Two different segregation assays were used to test for the kanamycin resistance in progenies of the transgenic plants. In the germination assay, surface-sterilised seeds (approximately 100 seeds per plant) were germinated on MS medium containing 1% sucrose, 0.8% agar and 50 mg/l kanamycin. Three weeks later, the seedlings were evaluated for the kanamycin resistance. The green seedlings were considered to be kanamycin-resistant (KmR) and the yellow or pale green as kanamycin-sensitive (KmS).

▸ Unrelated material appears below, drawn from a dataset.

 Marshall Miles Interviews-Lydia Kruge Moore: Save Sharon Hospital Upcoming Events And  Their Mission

In the rooting assay, surface-sterilised seeds germinated on MS medium containing 1% sucrose, 0.8% agar under non-selective conditions. Two weeks later, the seedlings were transferred into 100 ml glass culture vessels onto the fresh MS medium and grown for 6 weeks. Next, the plants devoid of roots were allowed to re-root in the presence of 50 mg/l kanamycin. Those that formed roots in 3 weeks were evaluated as kanamycin-resistant (R+), whereas non-rooted plantlets as sensitive (R−).

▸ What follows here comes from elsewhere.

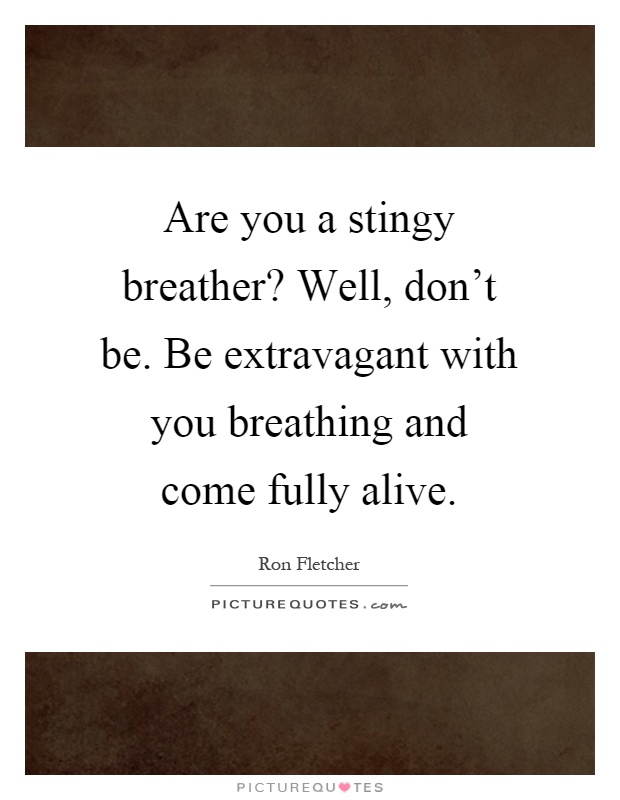 Are you a stingy breather? Well, don't be. Be extravagant with you breathing and come fully alive Picture Quote #1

For GUS segregation assays, the GUS activity was detected on the seedlings/plants germinated/grown in both presence and absence of 50 mg/l kanamycin.

β-glucuronidase assays

A histochemical GUS assay was carried out according to the method of Jefferson et al. (1987). Leaf explants were incubated in a solution of 2 mM 5-bromo-4-chloro-3-indolyl glucuronide (X-gluc, Duchefa, The Netherlands), 50 mM phosphate (pH 7) at 37°C in the dark overnight.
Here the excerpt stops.